Another Bee Gee is dead, and I’m depressed. When Robin Gibb died recently, it got me thinking about the big chunk of my life that is forever tied to Bee Gees songs. I am not one of those Johnny-Come-Lately’s that discovered the Bee Gees with Saturday Night Fever and disco. For me, the importance of the Bee Gees’ music started way before John Travolta ever thought of putting on a white polyester suit.

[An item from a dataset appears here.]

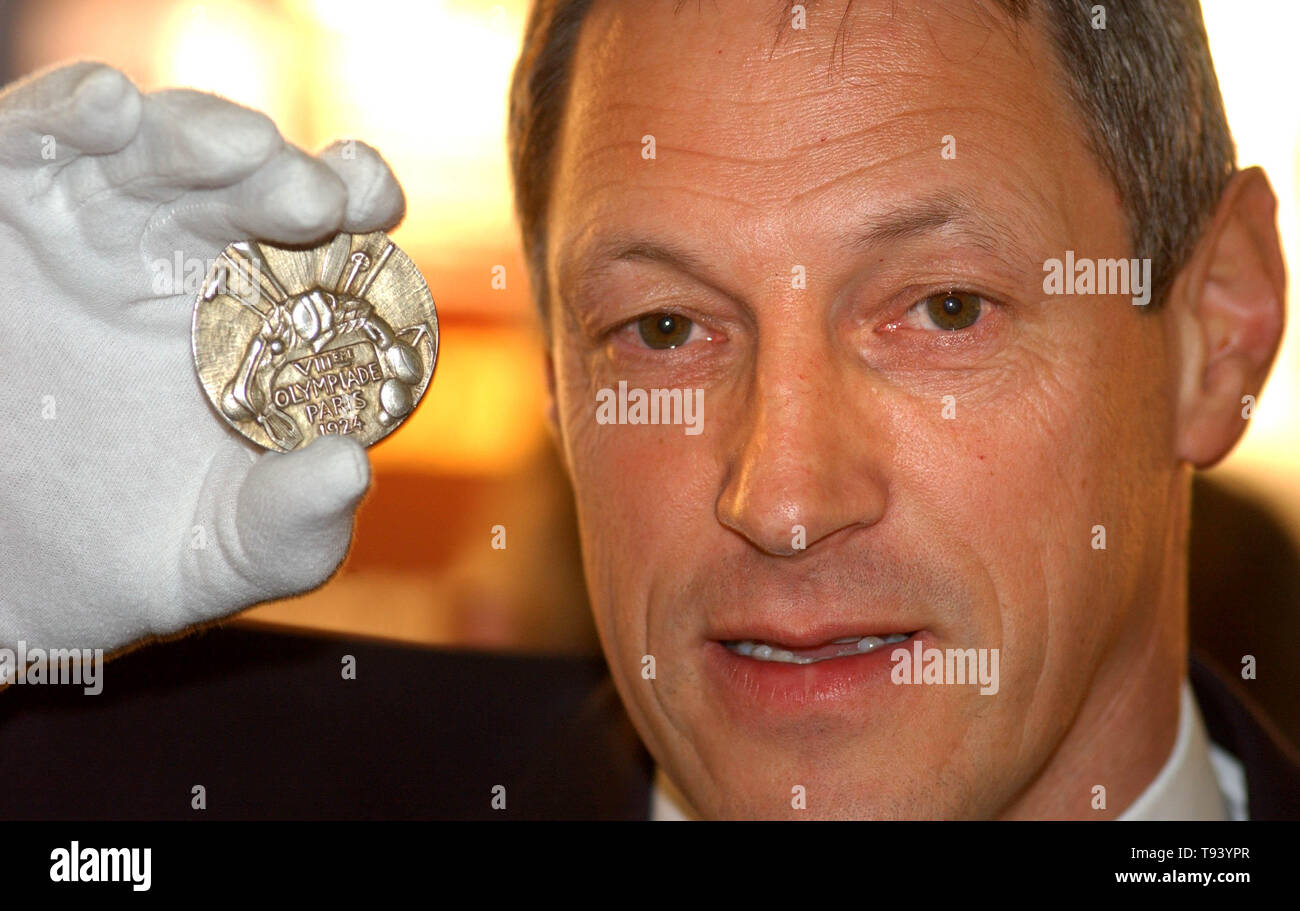 Sportivi scozzesi, grande sprinter Allan Wells nella foto al lancio della Scottish Sports Hall of Fame presso il Royal Museum of Scotland, Edimburgo, oggi ( venerdì 30/11/01). con la medaglia d'oro olimpica ha vinto da Eric Liddell nel 1924 giochi. Foto Stock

In 1965, when I was 12, my family moved (our second tour overseas) to an Army post in Landstuhl, Germany. Since my parents wanted me to become fluent in German, they enrolled me in a school in town, a Gymnasium–the kind of school that prepares German students for the university. I entered the school as a rising 7th grader but was quickly demoted to the 4th grade because of the language barrier. But the principal of the school, a very kind and generous man, agreed to let me try to gradually work my way back up to my age level. With the help of tutors, understanding teachers, and very friendly fellow students, I was able, over the next 3 years, to catch up with my grade again—so that when I came back to the States, I could enter high school.

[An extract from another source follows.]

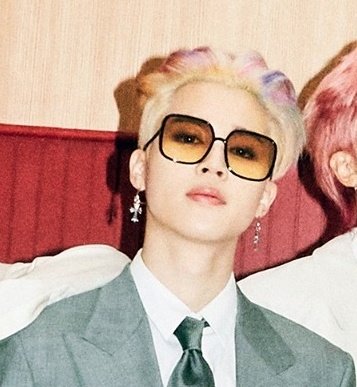 _crazyfomaself's tweet photo. why do i feel like jimin just played around asking joonie, hobi, and jk for some leftovers haircolor and just put it on his hair for fun but then charan you have a fucking cutie lovely sexy jimin? https://t.co/BVYbS8EuLv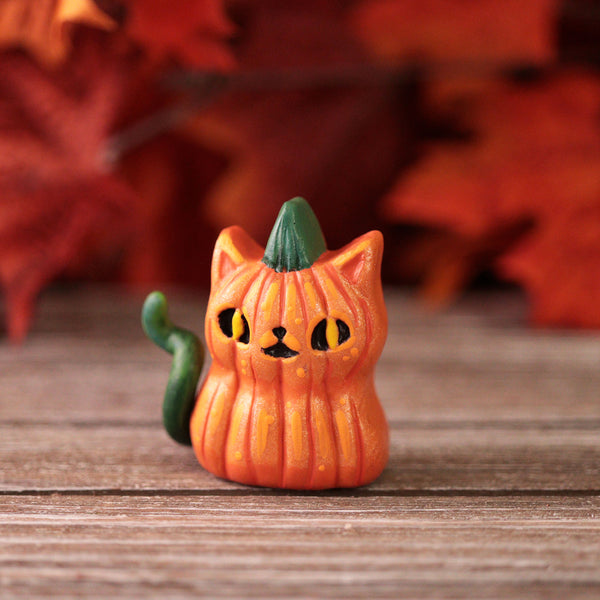 Preorder Spooky Kitty Slice Figurines - Colorful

So this was a stressful time for me. School was tough. The language barrier was immense. The school itself was extremely challenging. It was hard staying up late every night, translating my homework before I could begin to complete it. It was tough navigating cultural differences. But the Gymnasium was also a wonderful place. My classmates made me feel accepted into their world. Almost all of my teachers treated me with patience and kindness. And, although I was given special treatment at first, the best part of the whole experience was when people stopped giving that special treatment and started expecting the same level of work from me that they expected from the other students.
Weaving through all the good times and bad times–the stress, the expectations, and the confusion on one hand, the fun on the other– were the songs of the Bee Gees.

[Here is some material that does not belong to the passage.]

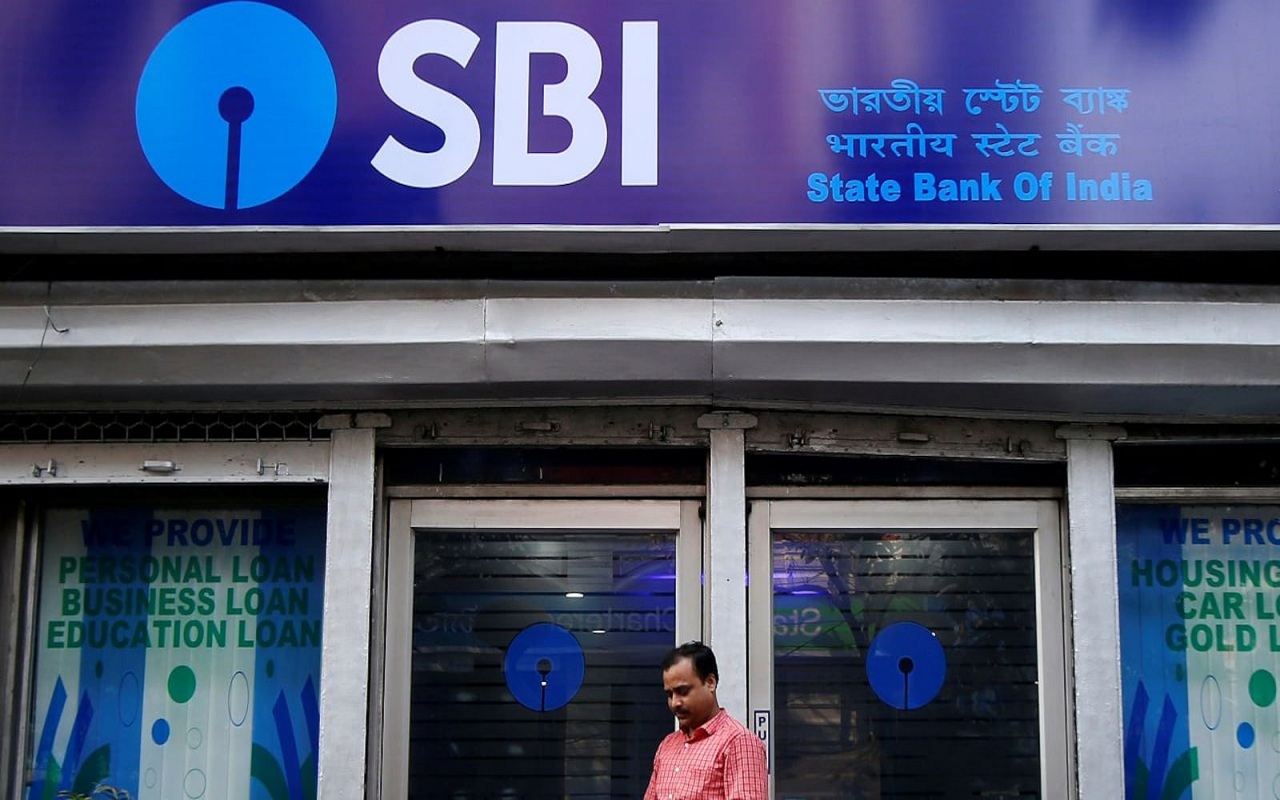 SBI's net profit up 83 percent at Rs 16,694 crore in fourth quarter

I attended my first dance and danced my first slow dance—with a very handsome eighth grader, an “older guy” named Michael Krick who was actually my age, unlike the boys in my class—to the lyrics of “Words”: “Smile an everlasting smile, a smile can bring you near to me….” I dreamed long daydreams about kissing that same boy to “To Love Somebody” (“You don’t know what’it’s like to love somebody to love somebody the way I love you.”) I worried about an endless drama with a mean girl in my class (some things transcend cultural differences) to “I Started a Joke” (“Oh, but I didn’t see that the joke was on me!”) I later mooned over my best friend’s brother, who was also our very glamorous newspaper delivery boy, to “I’ve Gotta Get a Message to You.” And when I worried about leaving Germany and going back to the States, the words of “World” played in my head. (“Tomorrow…where in the world will I be tomorrow? How far am I able to see?”)
The Bee Gees are so much a part of that whole time for me, that time of excitement and longing and restless imagining—that when I hear one of their songs start up, I get transported right back to the EisCafe Dolomiten , where, in the 8th grade (my last year in Germany) everyone met up after school to eat Italian ice and flirt.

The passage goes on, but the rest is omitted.